The Chlou Holy Cross Church (ჭლოუს ჯვარი პატიოსანი) is a ruined medieval church on the right bank of the Duabi river in the village of Chlou in Ochamchire Municipality, Abkhazia, an entity in the South Caucasus with a disputed political status.

== Description of the ruins ==
The church stands 20 km north of the town of Ochamchire on a hill overlooking the Duabi river and is surrounded by a large defensive wall built of large cobblestone. In some places the height of the wall is over 3 meters, the total length of the walls is 500 meters. The western wall of the fence runs through the river. The church walls have survived, but are gravely damaged. It is a hall-church design with a semi-circular apse on the east. The vault has collapsed.

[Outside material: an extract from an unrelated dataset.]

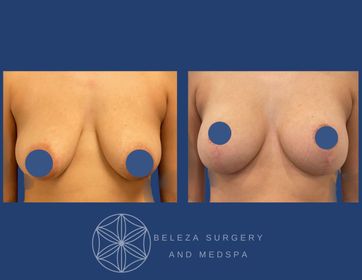 Mastopexy Augmentation Patient 4 Anterior (1).jpg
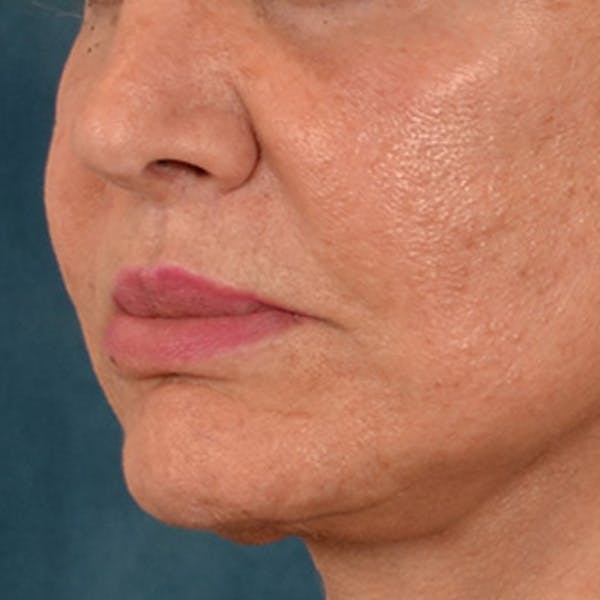 Lip Lift Before & After Gallery - Patient 302689 - Image 8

The ruins are covered with shrubs of bushes.

== History ==
The church was likely built in the 14th or 15th century, but wall ornamentation may indicate an earlier date of the 11th-12th century. A stone slab found in the ruins displays a Georgian inscription in the asomtavruli script, which is dated roughly to the 14th century when the area was under the sway of the Dadiani family of Mingrelia. It commemorates a high-ranking nobleman (eristavt-eristavi) whose name is reconstructed as Ozbeg Dadiani.